The Bulls are ranked 19th in the country. They have a quarterback who is getting Heisman hype. There are predictions of an undefeated season and a New Year's Day bowl invitation.
"It's exciting because we have a chance to do some things," new coach Charlie Strong said.
Yes, it's the best time ever to be a Bull.
But is it actually good to be a Bull?
As USF embarks on what could be the greatest season in the program's 20-year history, you can't help but wonder if the program is all that it can be.
Will it ever be all that it can be?
In the world of college football — where ritzy facilities with the shiniest bells and newest whistles are needed to attract big-time recruits — USF is a second-class citizen.
What USF has been able to accomplish with such meager furnishings is stunning and a testament to the work put in by original coach Jim Leavitt, former coach Willie Taggart and now Strong.
But if USF ever hopes to truly compete with the big guys like Florida and FSU and keep pace with even the likes of UCF and Florida Atlantic, it will need a serious upgrade of, well, everything.
We're talking practice facilities, weight rooms, training rooms, meeting rooms, the whole shebang.
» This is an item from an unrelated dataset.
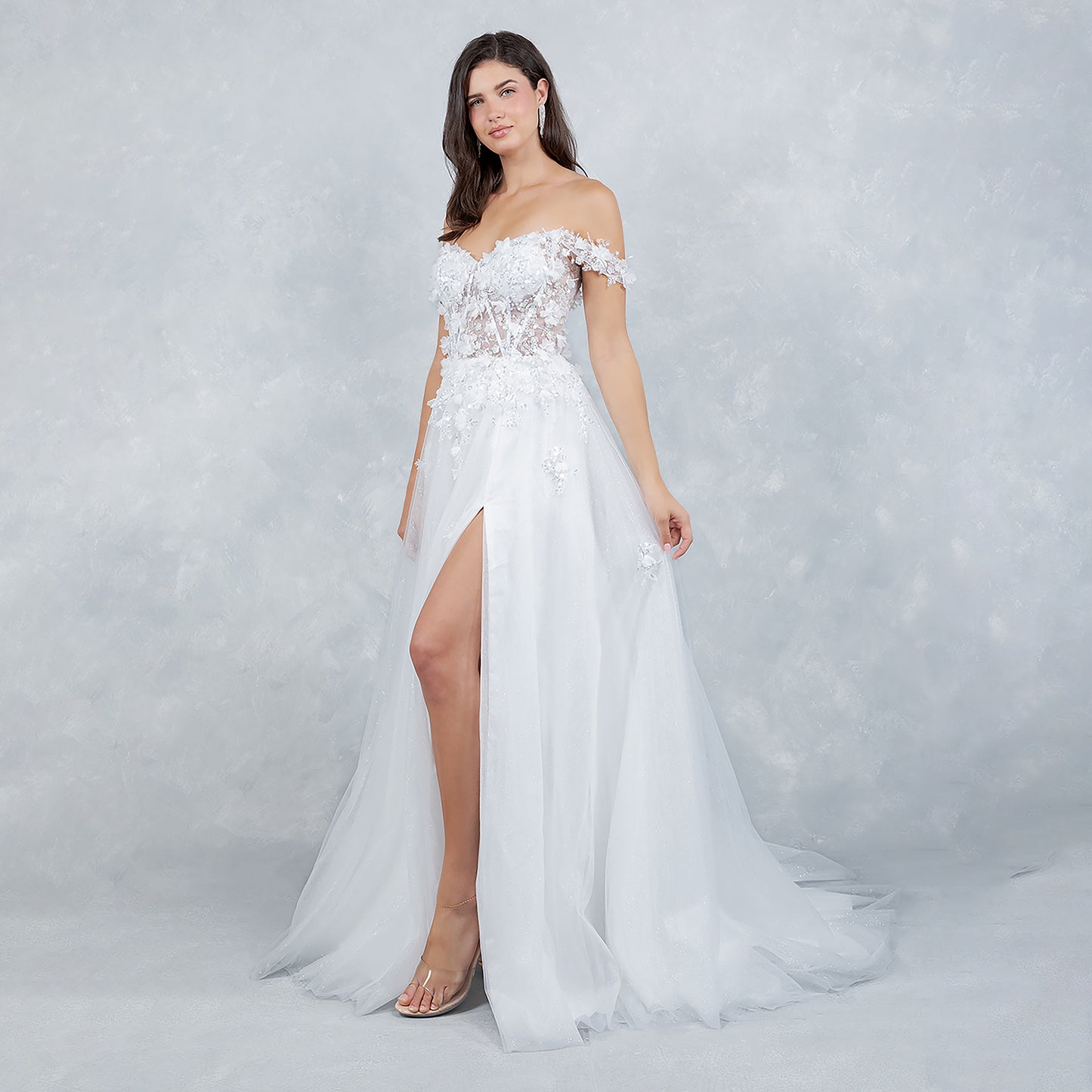 Woman wearing a white off-shoulder gown with lace details on a gray background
Because right now, it just isn't good enough. And if nothing changes, get ready for a revolving door on the head coach's office as one blue-chip recruit after another moves on down the road.
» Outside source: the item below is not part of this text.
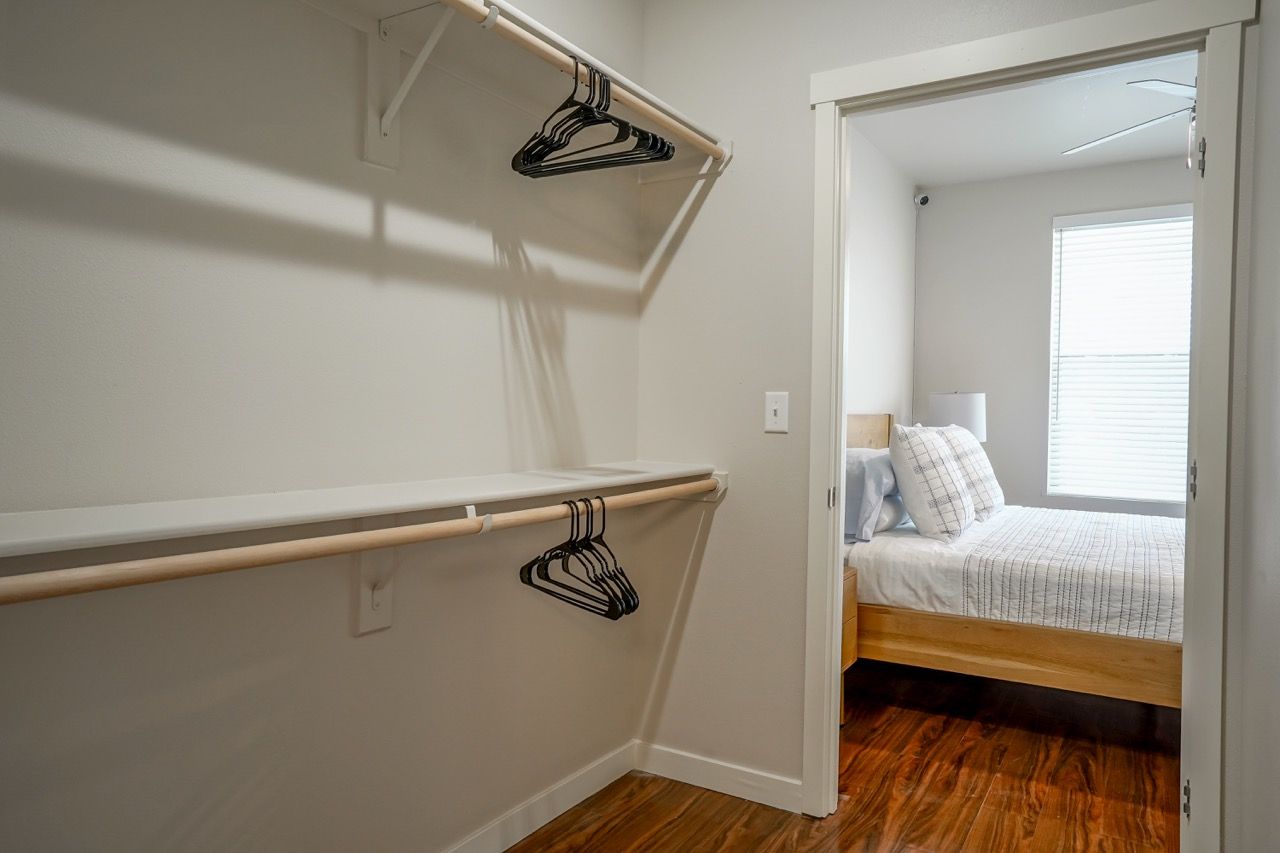 Walk-in closet with two hanging rods and empty shelves, opening into a bedroom.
Look at last season. USF had its best season ever. It won a program-record 11 games.
And what was the reward for all that success? Its head coach, who is from here, left for a better job 3,000 miles away. And USF went to something called the Birmingham Bowl (yippee).
Now maybe that's all USF will ever be: a nice little program that wins enough games to go to second-tier bowls and is a stepping-stone job for coaches. Actually, there's nothing wrong with being that kind of program. Perhaps USF will be content to be just like Arkansas State and Boise State.
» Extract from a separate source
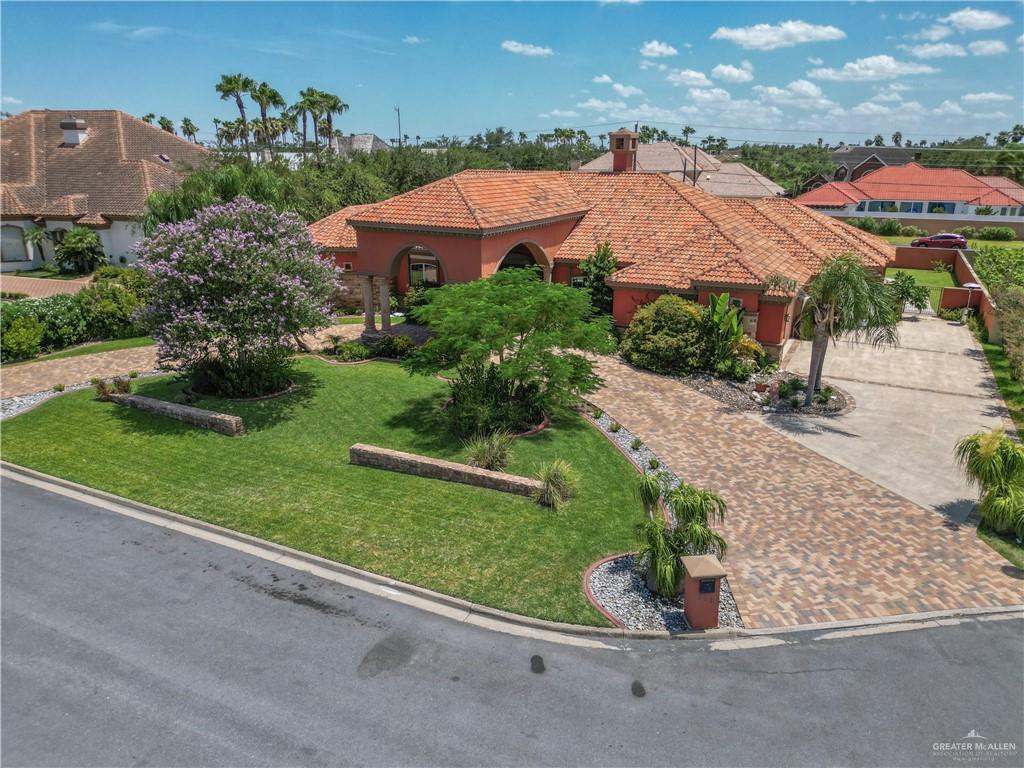 an aerial view of a house with a garden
USF, however, seems to have bigger aspirations.
Then again, it's one thing to talk about being great. It's another to do what it takes to be great, and that starts with spending money to have the facilities to compete with college football royalty.
That means having a school president who cares even half as much about athletics as academics. That means having an athletic director who knows which doors to knock on. And it means alumni who will open those doors and wallets when the AD comes a'knocking.
This program feels like a sleeping giant, but now the emphasis is on "sleeping."
While it's fun to talk about how successful this upcoming season might be, it does feel like a shooting star — something brilliant, but fleeting. And already there's pressure on the 2017 team because even one loss will ruin any wild dream USF might have about a spectacular conclusion.
Here's the bottom line: USF wants to be great now and from now on. But it never will be if certain things aren't changed.
It wants to be in a Power 5 conference. It wants to go after any recruit in the country and not have the door slammed in its face. It wants to have ESPN's College GameDay roll into town. It wants to be able to compete for a national championship.
None of those things will happen with substandard facilities.
Ask yourself this: if USF wins 10 games this season and Strong has a chance to go to North Carolina or Ole Miss or Northwestern, do you honestly think he would stay? If you're some hotshot quarterback who wants to play in games that Kirk Herbstreit announces, are you going to pick USF?
Ask Strong about USF and he says, "It's always exciting when you have a chance to watch a program grow and be a part of it."
When asked how his eight months on the job have been, he said, "It has been everything I thought it would be."
He just got here. He's excited about the season. He's nothing but X's and O's right now. He's not about to start criticizing anything.
So I will.
And I'm not here to pick on USF or rain on anyone's parade. There's absolutely no reason USF can't be a college football heavyweight. There's no reason why USF can't be taken as seriously as, say, Louisville, which just happens where Strong used to coach. There's no reason why USF can't be treated with respect.
But it starts with USF respecting itself and giving Strong and this football program all the necessities it needs to complete.
Otherwise, enjoy this team and enjoy Strong. USF might never have it so good again.